--- START ---

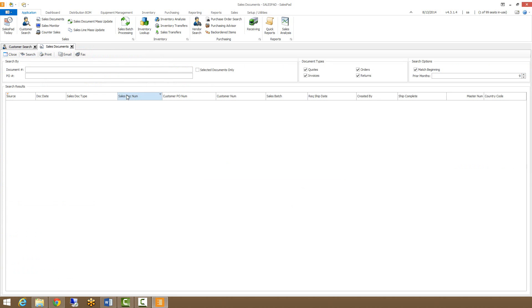With those enabled we can go back to the sales document screen and we have this search by field. This is the primary search functionality in the sales document search. You can search by either document number or PO number. This PO number is your customer PO number that's been entered on the sales document.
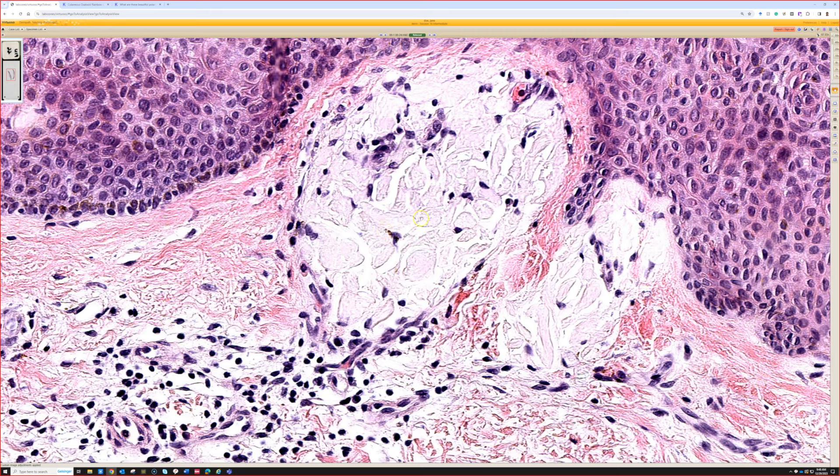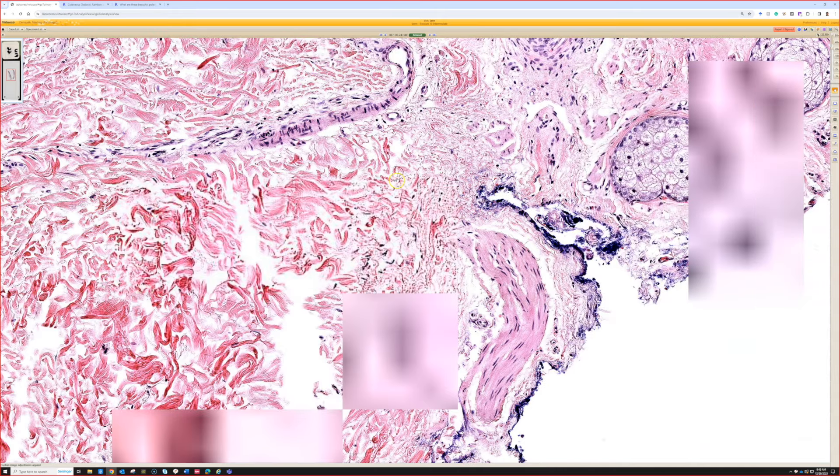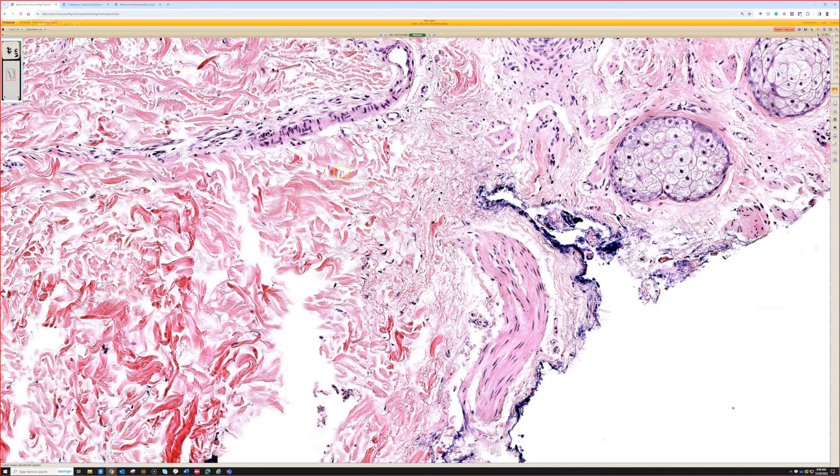If you go deeper in the dermis and look around other vessels or deeper adnexal structures, you're not going to see any amyloid deposition. If you did see that, that's when I would send it for mass spec to check whether it could be light chain amyloid incidentally depositing next to a seborrheic keratosis or basal cell. If you see amyloid around deeper dermal vessels or around eccrine coils, then you'd think maybe this actually is a patient with systemic amyloidosis.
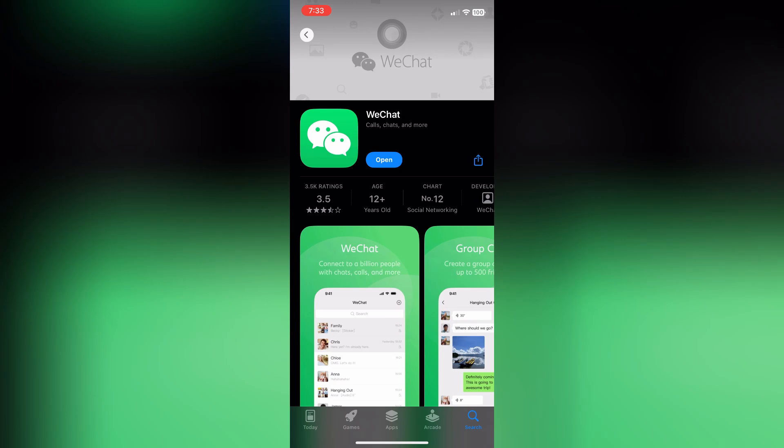In this tutorial, I'll show you how to use WeChat's screen share feature on both iPhone and desktop, plus a few tips to make it smoother.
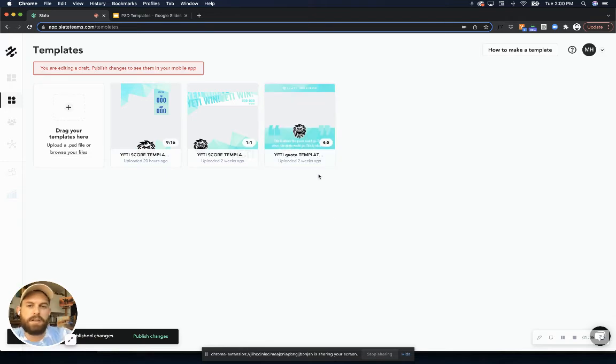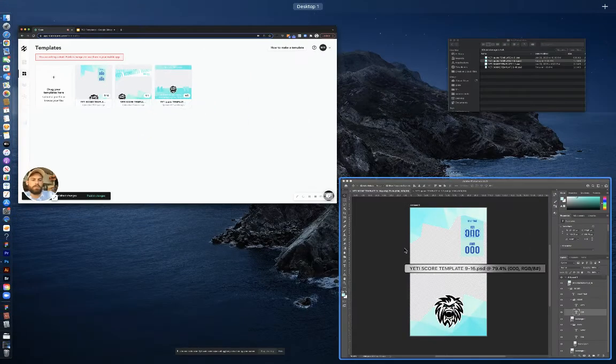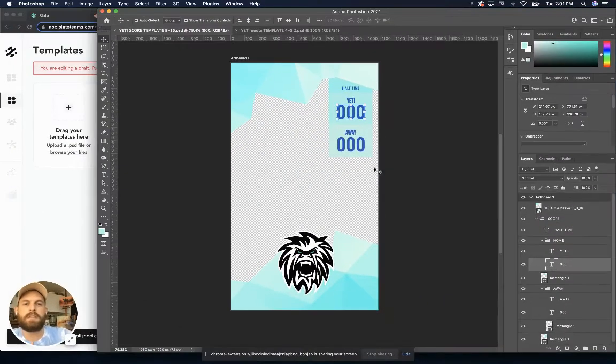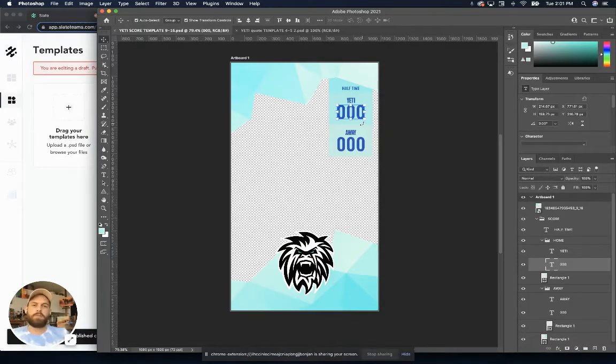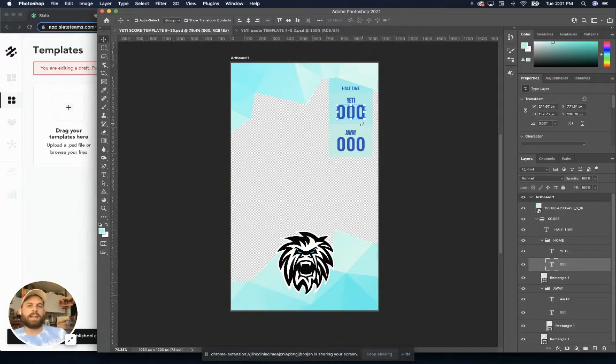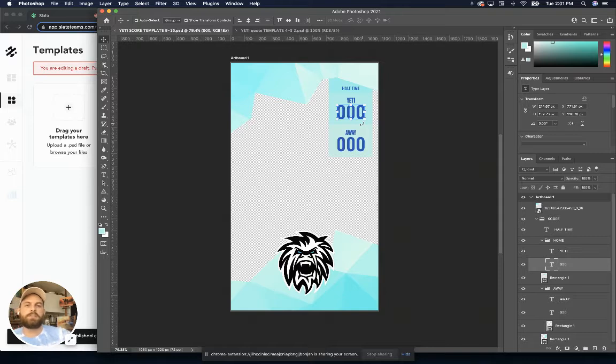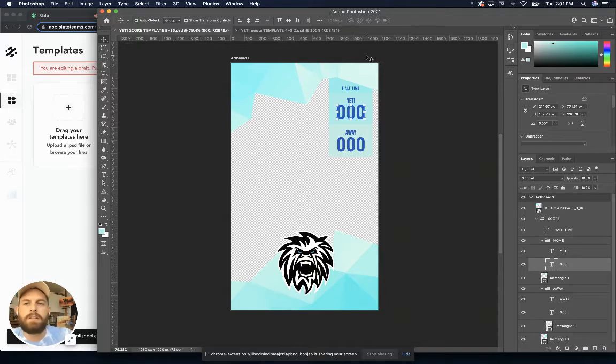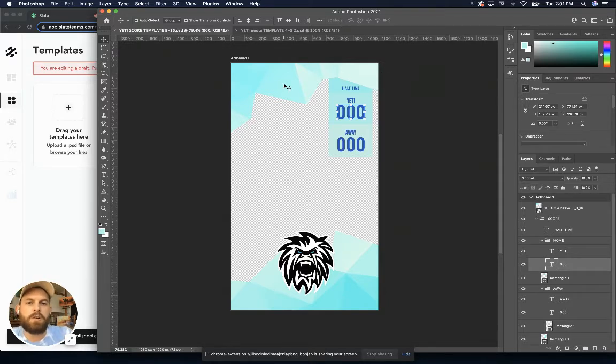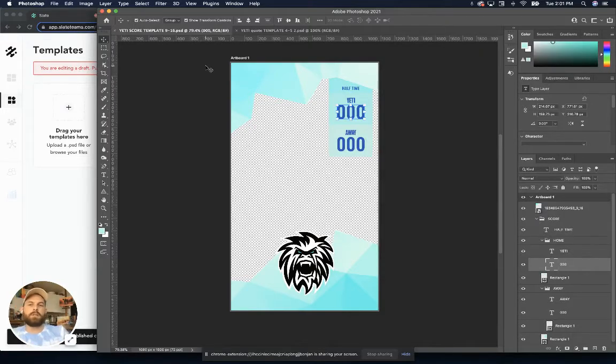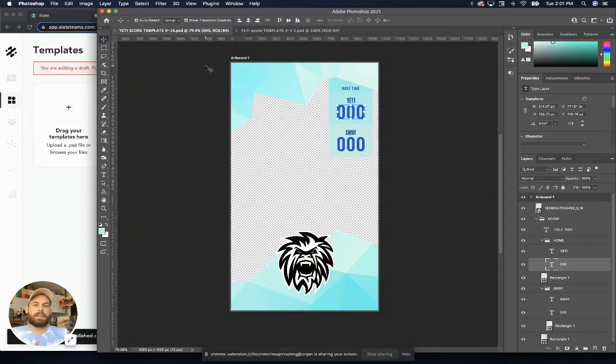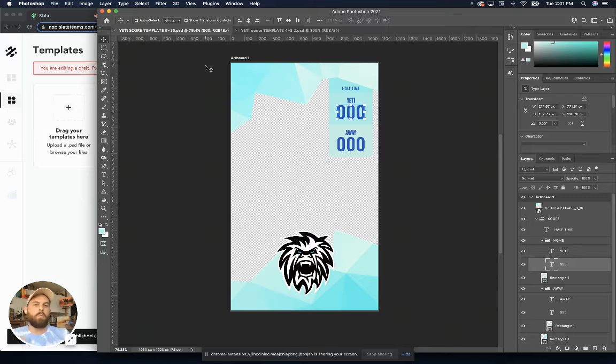But there are a couple things that you're going to want to keep in mind when you're creating these Photoshop files or converting the Photoshop files you already have into a file to upload and use as a Slate template. So if we take a look here at Photoshop, the first thing I want to call out is you're going to want to make sure that your dimensions are set correctly. So the Photoshop file should be one of the four acceptable dimensions for Slate.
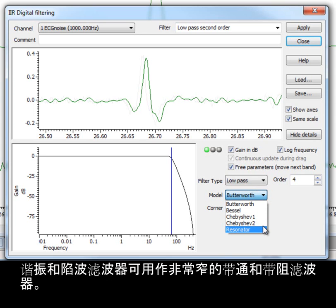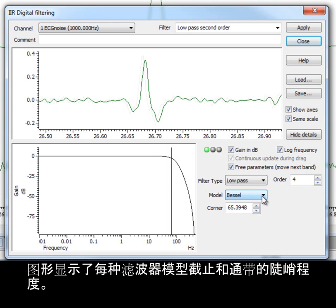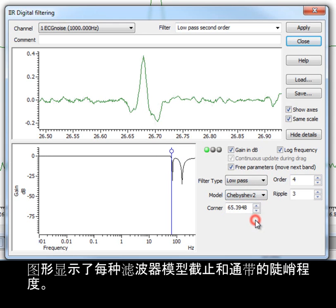Resonator and notch filters can be used as very narrow band pass and band stop filters. The graphical display shows the changes in the steepness of the cutoff and the passband for each filter model.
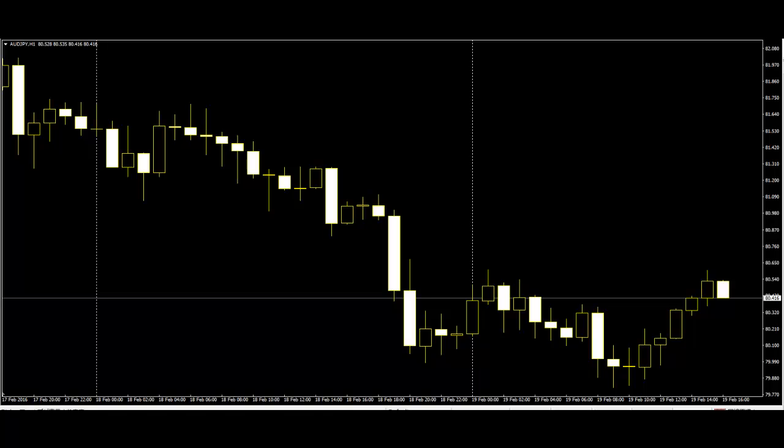Welcome to Candlestick Training Video. Even if you are a novice to the candlestick charting technique, you can learn it just by seeing the patterns.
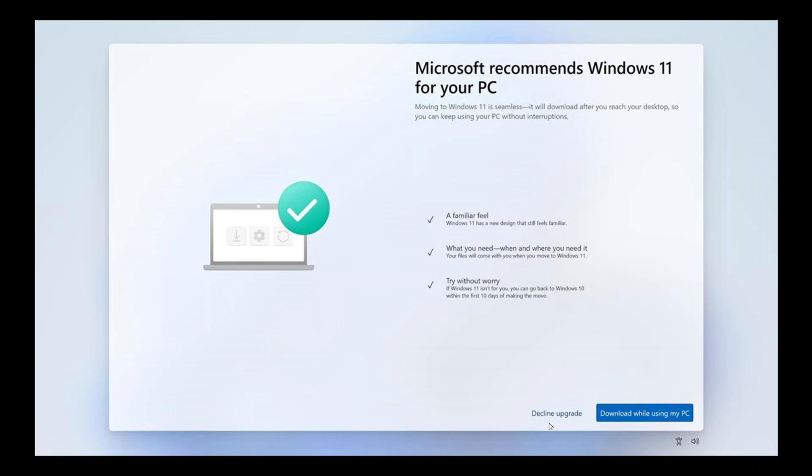Or decline upgrade. So Microsoft is pushing this once again to Windows 10 users. If you don't want it, just click decline upgrade and it's supposed to go away and stop bothering you. But it just shows that Microsoft is pushing hard for users to move on from Windows 10 to 11.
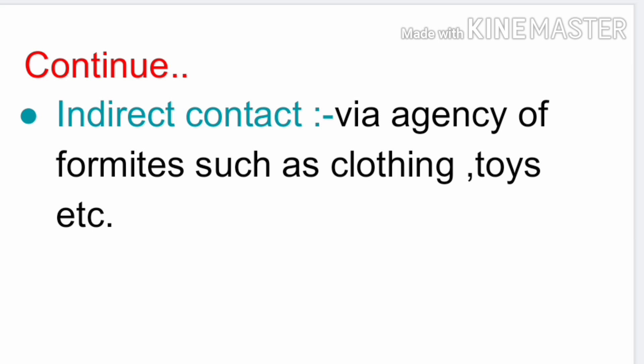Or how can it happen with clothes? With clothes, fungal infections are more commonly spread. For example, someone has a fungal infection and you use their clothing. In that case, the fungus will come to your skin, and if your skin is abraded or broken, it will enter your body.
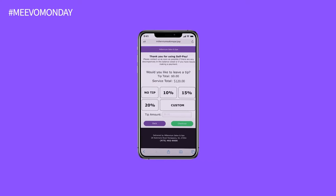With Mevo's self-pay, providing a seamless checkout experience for your guests is easier than ever.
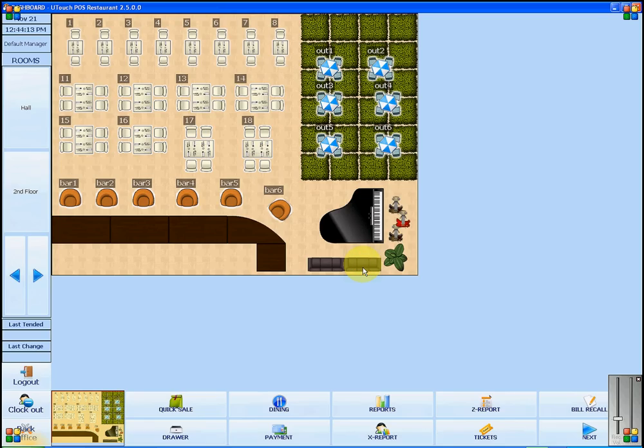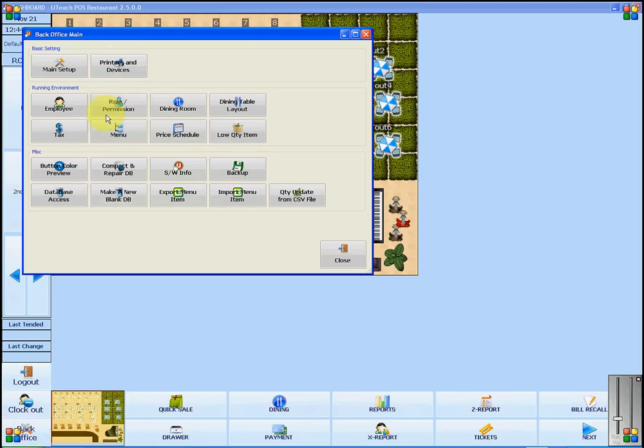Here are the steps to make uTouchPOS restaurant show images instead of text on menu buttons. I'm going to go into back office and then into menu.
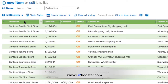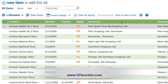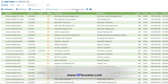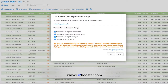All your changes are saved automatically. Keep in mind that changes to column sizes, as well as any other List Booster styles, are visible to yourself only unless you publish it.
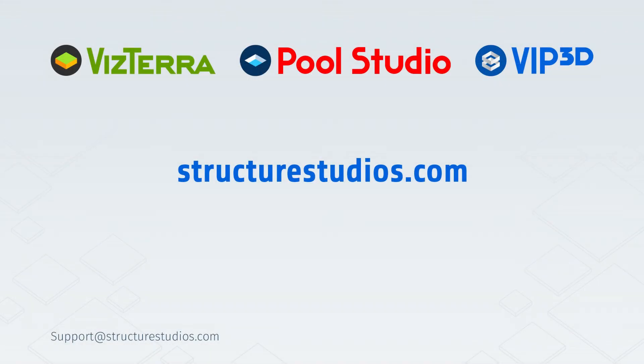This completes instruction on type in measurements. For more information, please visit StructureStudios.com slash help.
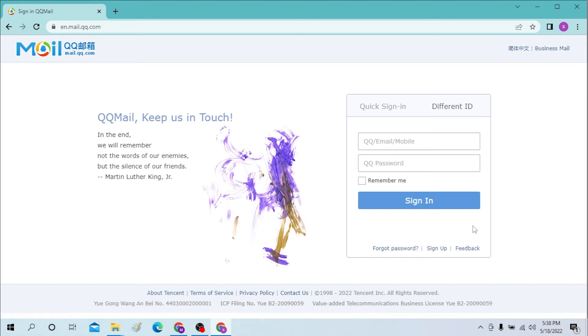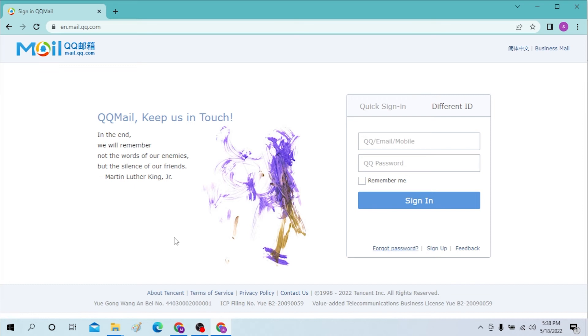If you have not already created a QQ mail account, then you can sign up from over here. Click on the sign-up option over here and you will go through the sign-up process of your QQ mail. And that's right, this is how you log into your QQ mail account.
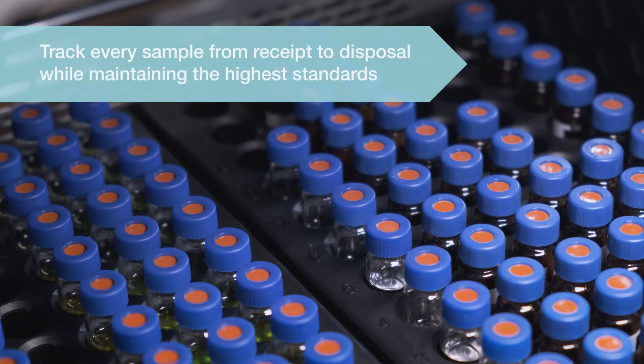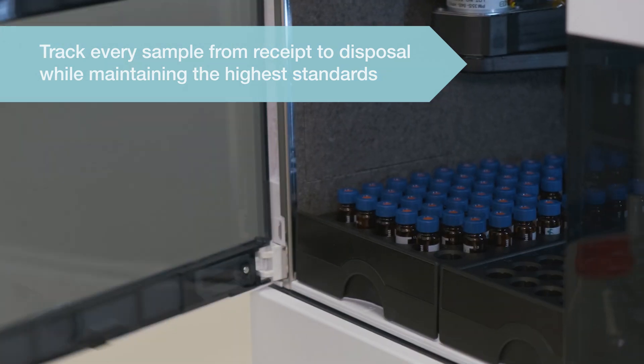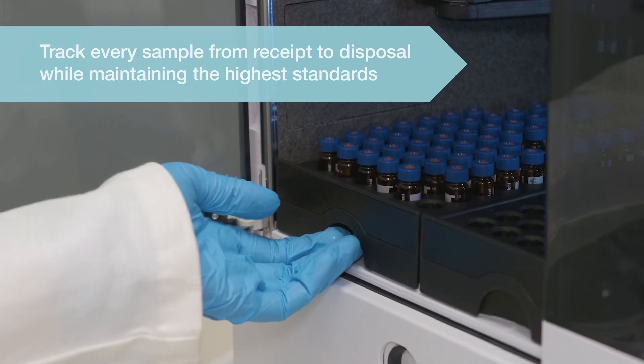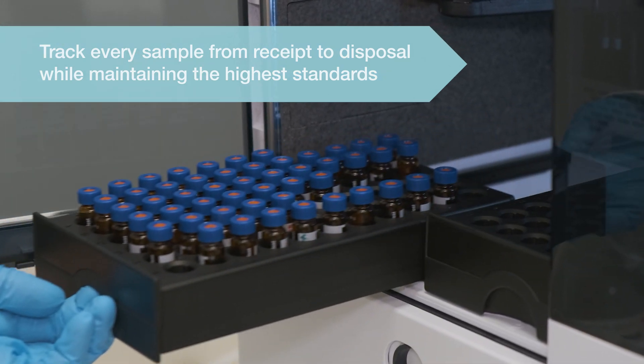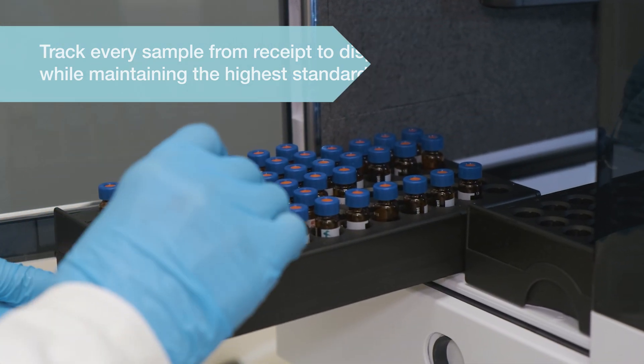Allowing you to track every sample from receipt to disposal while maintaining the highest standards.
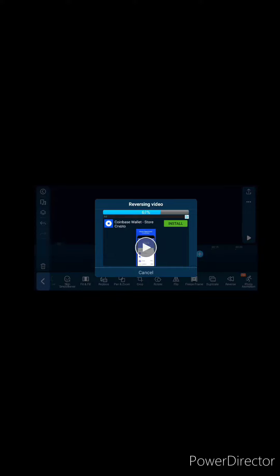Also, you're going to see where I click on the pan and crop. You're going to want to click on that and click on no effect and apply to all, or else it's going to zoom out or zoom in.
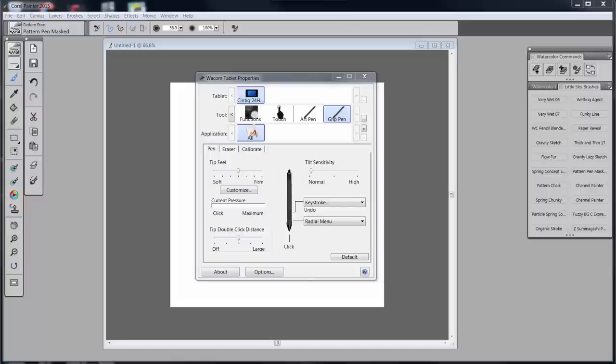Hello everybody and welcome back to Skip Allen Paints and to the YouTube channel of Skip Allen. This is the fourth video in a series about how I set up my Wacom Cintiq 24-inch HD Touch.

--- END ---

[What to produce] Look above for the line containing "With Mevo's self-pay, providing", then write out every line from there down to the line containing "All your changes", that line included, with no pictures.

[Task answer]
With Mevo's self-pay, providing a seamless checkout experience for your guests is easier than ever.
Here are the steps to make uTouchPOS restaurant show images instead of text on menu buttons. I'm going to go into back office and then into menu.
All your changes are saved automatically. Keep in mind that changes to column sizes, as well as any other List Booster styles, are visible to yourself only unless you publish it.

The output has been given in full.